The new clinical trial called Targeting Aging with Metformin, or TAME, is scheduled to begin in the US next winter. Scientists from a range of institutions are currently raising funds and recruiting 3,000 70 to 80 year olds who have, or are risk of, cancer, heart disease and dementia. They are hoping to show that drug slows the ageing process and stops disease.
Outlining the new study on the National Geographic documentary Breakthrough: The Age of Ageing, Dr Jay Olshansky, of the University of Illinois Chicago, said: “If we can slow ageing in humans, even by just a little bit it would be monumental. People could be older, and feel young.
“Enough advancements in ageing science have been made to lead us to believe it’s plausible, it’s possible, it’s been done for other species and there is every reason to believe it could be done in us.
“This would be the most important medical intervention in the modern era, an ability to slow ageing.”
A baby girl born today is now expected to life to an average age of 82.8 years and a boy to 78.8 years, according to the Office for National Statistics. But if the results seen in animals are reproduced in humans, lifespan could increase by nearly 50 per cent.
Professor Lithgow believes that, in the future, young people may be given a type of ageing ‘vaccine’ to slow down ageing. He believes it could have a far bigger impact on extending population lifespan that finding a cure for cancer.
“If we were to cure all cancers it would only raise life expectancy by around three years, because something else is coming behind the cancer, but if we could slow down the aging process you could dramatically improve how long people can live,” he said.
“We know that it is possible for handfuls of people to live to very old age and still be physically and socially active, so clearly they carry some kind of protection in their bodies. They are essentially not ageing as quickly.

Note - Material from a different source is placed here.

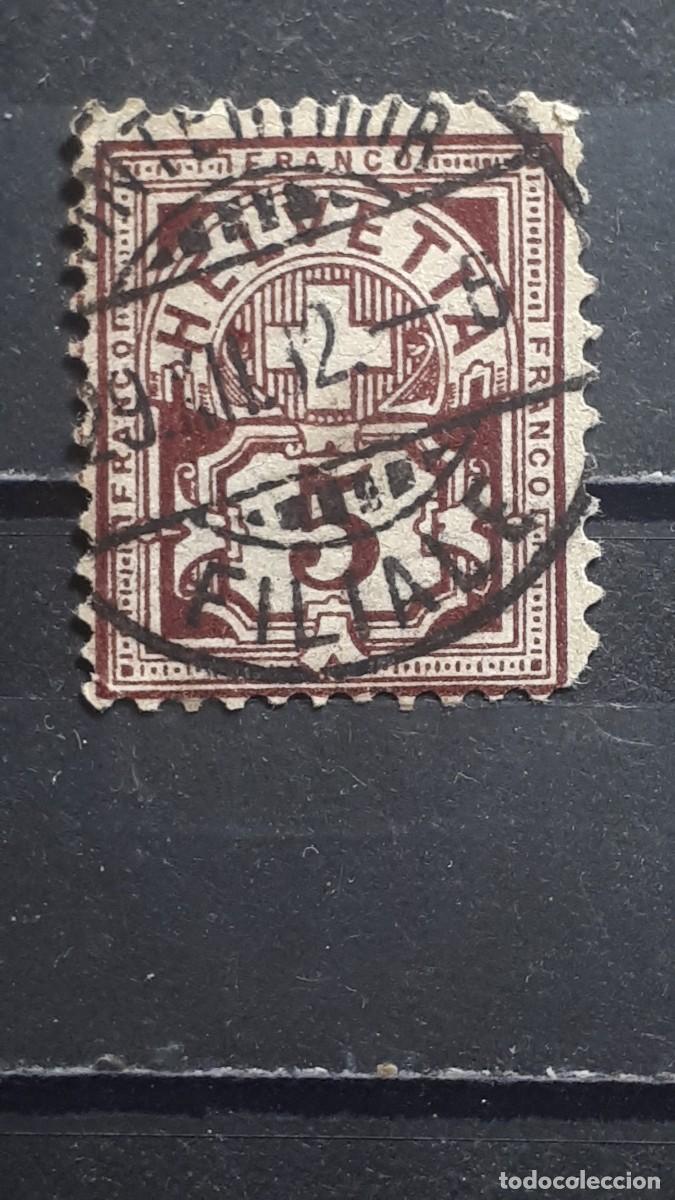Sellos: SUIZA. A&Ntilde;O 1882. &deg;. YVERT 65 - Foto 1
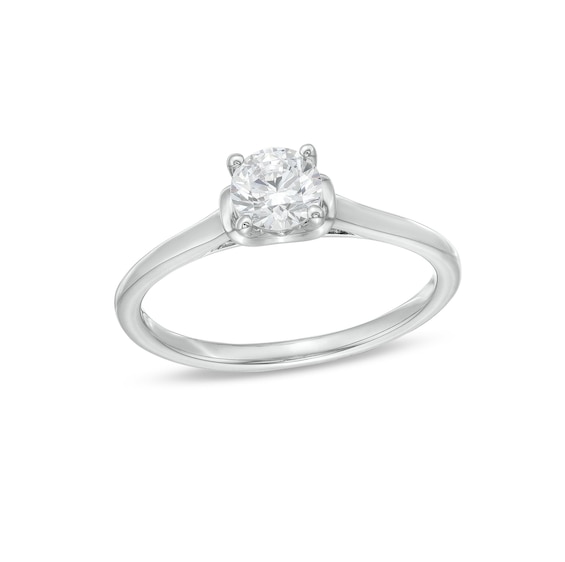 1/2 CT. Diamond Solitaire Engagement Ring in 14K White Gold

If we can harness that, then everyone can achieve those lifespans.”
Yet scientists have faced an uphill battle to get trial approval because there are so many spurious claims of ‘anti-ageing’ technologies and therapies on the market.
Stephanie Lederman, executive director of the American Federation for Aging Research in New York, who is also involved in the trial added: “The perception is that we are all looking for a fountain of youth.
“We want to avoid that; what we’re trying to do is increase health span, not look for eternal life.”
However if their trial performs as promised, experts say slowing ageing would be a ‘public health revolution.’
Dr Robert Temple, deputy director of the FDA said: “Their hope is that a wide variety of age related problems, loss of muscle tone, dizziness, falls, dementia, loss of eyesight, all of those things.
“That would be something never done before. If you really are doing something to alter ageing the population of interest is everybody. It surely would be revolutionary if they can bring it off.”
Dr Simon Melov of the Buck Institute for Ageing Research added: “You’re talking about developing a therapy for a biological phenomenon which is universal and gives rise to all of these diseases. And if you’ve got a therapy for this thing, these diseases just go away.”